Using the soil water, temperature, drainage and crop growth data collected during the 2016 growing season in the long-term experimental sites, researchers concluded parameterization and testing of the APSIM model at those sites. In general, the APSIM model is able to adequately reproduce the long-term and the 2016 seasonal experimental datasets. The fit is good to observed corn and soybean yields and to the long-term trends for the tile drainage variables measured. Researchers concluded the APSIM was able to satisfactorily capture the behavior of the cropping system during the season as well as the long-term trends, and the model could be used to explore short- and long-term trends and variation in NO3-N leaching and to extrapolate findings at these sites. 

The focus this quarter was to execute in-season sampling activities at the field sites. High-resolution data on soil water, temperature, drainage and crop growth from the three field sites was collected, and used to test the model performance at those sites. Work continued to organize the historical data, and conduct scenario analyzes at two sites. These were directed towards testing the effect of N fertilizer application rates on N leaching across a wide-range in variation in weather. Some interesting findings related to crop rotation and management will be useful in designing the decision support tool.

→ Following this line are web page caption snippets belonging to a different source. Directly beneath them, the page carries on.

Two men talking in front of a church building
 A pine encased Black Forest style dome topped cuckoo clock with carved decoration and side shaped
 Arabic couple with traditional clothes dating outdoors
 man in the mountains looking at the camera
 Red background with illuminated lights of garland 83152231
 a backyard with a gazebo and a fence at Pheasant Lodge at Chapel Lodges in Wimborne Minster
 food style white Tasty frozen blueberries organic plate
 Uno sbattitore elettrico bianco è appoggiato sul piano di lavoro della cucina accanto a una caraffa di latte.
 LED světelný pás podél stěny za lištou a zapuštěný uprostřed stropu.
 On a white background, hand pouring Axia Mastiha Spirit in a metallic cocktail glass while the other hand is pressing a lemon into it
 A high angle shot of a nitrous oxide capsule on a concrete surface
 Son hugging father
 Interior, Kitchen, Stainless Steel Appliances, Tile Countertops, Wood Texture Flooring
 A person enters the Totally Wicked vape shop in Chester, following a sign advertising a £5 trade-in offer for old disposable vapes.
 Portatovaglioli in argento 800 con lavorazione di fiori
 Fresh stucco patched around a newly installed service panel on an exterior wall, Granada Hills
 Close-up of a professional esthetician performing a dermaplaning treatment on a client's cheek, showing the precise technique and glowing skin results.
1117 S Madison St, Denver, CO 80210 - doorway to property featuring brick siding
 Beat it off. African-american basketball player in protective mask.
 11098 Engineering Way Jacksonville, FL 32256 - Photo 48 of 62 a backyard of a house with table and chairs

During this quarter, the Iowa State University team made important progress in improving the model to better capture the effect of cover crops on NO3-N leaching and yield. The model now is ready to conduct “what if” scenarios. Research partners at the Iowa Soybean Association narrowed their statewide tile-drainage database to about 30 sites from which soil and drainage samples will be collected. In late March, ISU team members collected soil samples and also installed soil temperature and moisture sensors at the Nashua research farm site. A meeting with key personnel from the ISU research farms was held to plan summer soil and crop samplings at all ISU sites.